What Is the Relationship Between Cannabis Strains and Extraction?

Cannabis legalization has brought both marijuana and industrial hemp to the forefront of public consciousness. The plants are now fodder for dinner table conversations and news reports alike. Unfortunately, confusion still abounds. The average American doesn’t know much about cannabis sativa and cannabis indica, let alone more confusing topics like CBD and marijuana extraction.

Cannabis strains are another area of mass confusion. Just what are they? More importantly, when it comes to products derived from cannabis extracts, do strains really make a difference? It is hard to say and ultimately really depends on what a processor does with its extracts.

  1. Flower and Derived Products

Long before California began pushing the envelope on cannabis legalization, people used marijuana by harvesting raw flower and smoking it. That is still the most popular method of consuming recreational and medical marijuana today. That being said, not all cannabis consumers are fond of smoking. They would not smoke marijuana any more than they would tobacco.

For them, there is an entire range of products derived from cannabis extracts. Take a cannabis vape cartridge. The cartridge is filled with a substance consisting of cannabis compounds in a suspension. Those compounds can be a mixture of cannabinoids, terpenes, and other chemicals commonly found in cannabis plants.

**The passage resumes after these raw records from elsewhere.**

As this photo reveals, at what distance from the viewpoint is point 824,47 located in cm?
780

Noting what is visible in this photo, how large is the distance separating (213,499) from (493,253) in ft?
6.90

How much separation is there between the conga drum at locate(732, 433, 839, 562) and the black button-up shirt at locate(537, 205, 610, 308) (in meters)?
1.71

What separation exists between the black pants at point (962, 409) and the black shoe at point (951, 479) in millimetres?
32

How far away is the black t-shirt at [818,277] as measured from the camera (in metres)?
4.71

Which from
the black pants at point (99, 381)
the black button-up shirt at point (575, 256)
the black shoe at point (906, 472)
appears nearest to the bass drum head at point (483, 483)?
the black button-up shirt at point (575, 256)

The interesting thing is that you can go on to just about any cannabis retailer’s website and find vape cartridges with liquids made from certain cannabis strains. But because you are buying a derived product rather than raw flower, does the strain actually matter?

  1. More About Strains

A cannabis strain is more or less a variety. The vast majority of cannabis plants grown in this country are either sativa, indica, or hybrid. Sativa and indica are the two varieties at the top of the proverbial cannabis food chain. Hybrid plants are produced by crossbreeding different sativa and indica strains.

As for those strains, they are produced through growing techniques designed to emphasize particular properties. For example, growers can encourage a particular strain to produce a certain cannabinoid and terpene profile. Upon harvest, an analysis of that plant should show higher concentrations of the desired cannabinoids and terpenes.

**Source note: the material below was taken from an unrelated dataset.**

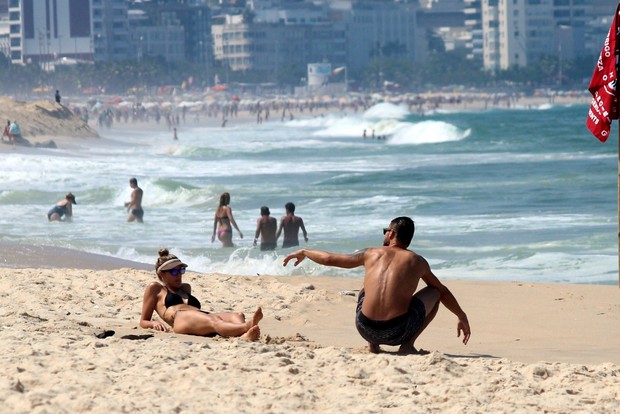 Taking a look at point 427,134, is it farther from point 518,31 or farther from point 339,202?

Developing new strains is an opportunity to develop new plants that have different effects on users. It all makes sense when you are talking about harvesting raw flower and smoking it. It even makes sense when using raw flower to make edibles. But what about products derived through hemp or marijuana extraction?

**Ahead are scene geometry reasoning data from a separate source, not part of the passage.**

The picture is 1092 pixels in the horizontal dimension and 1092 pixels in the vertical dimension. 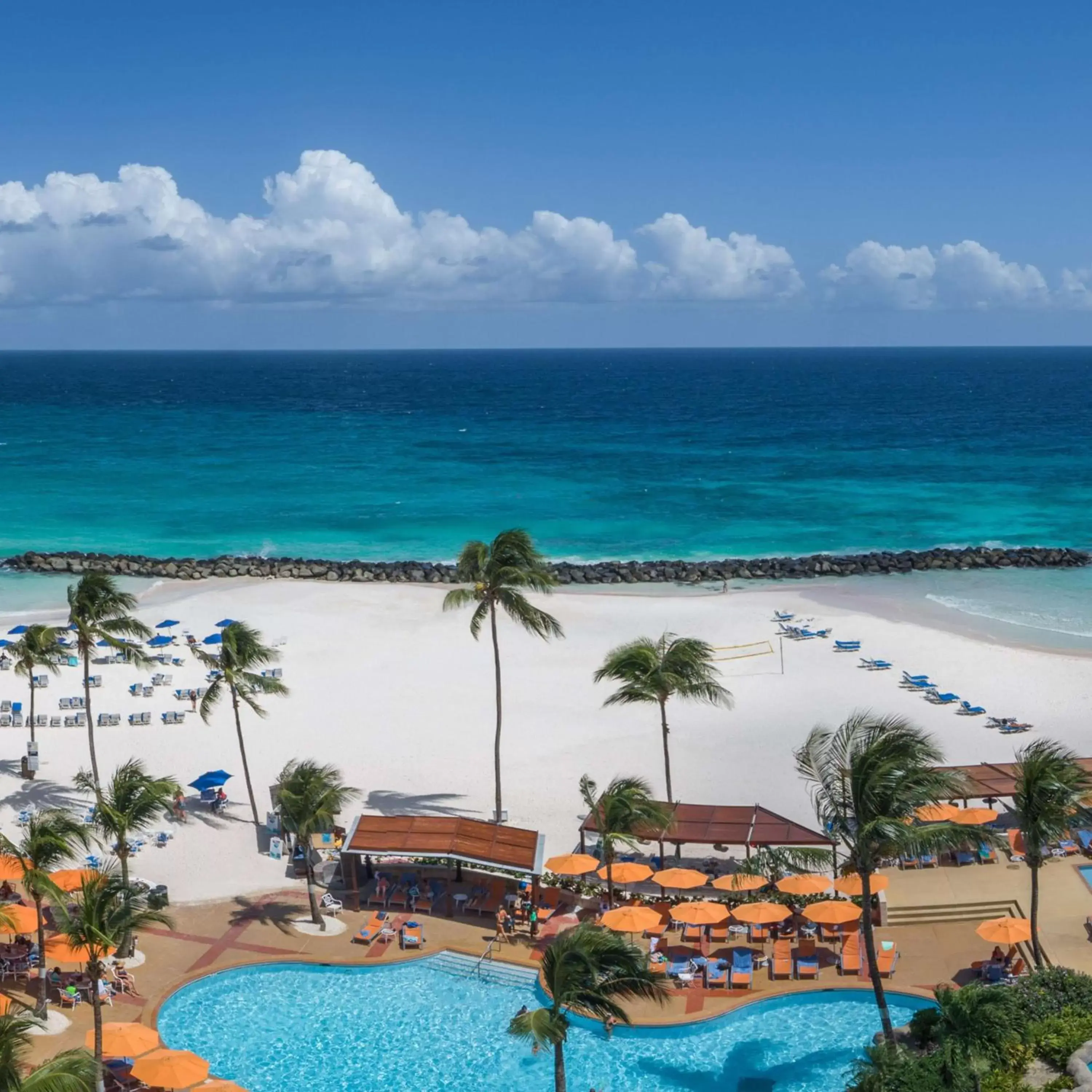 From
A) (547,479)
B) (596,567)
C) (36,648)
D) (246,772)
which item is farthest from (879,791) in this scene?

  1. More About Extraction

CedarStone Industry, a Houston company that manufactures marijuana extraction and distillation equipment, says that extraction is all about separating cannabis plant material from its chemical constituents. You put plant material, known as biomass, through a process to extract cannabinoids and terpenes. The biomass is of very little value at the conclusion of the process.

Once extracted, the resulting material is distilled in order to separate its many chemical compounds. This is where strains become tricky. If a processor uses an extract to make a derived product without distilling it first, you could make the case that strain matters. But if that processor distills the extract in order to pull out just one or two compounds, the strain becomes irrelevant.

This suggests that strains and product names only serve as marketing tools for derived products. It is more important for the consumer to know exactly what is in a derived product, the same way that knowing the ingredients of a food product is important. Strains and product names don’t tell you much because the constituents of a derived product are determined by extraction and distillation rather than the biological makeup of a given strain.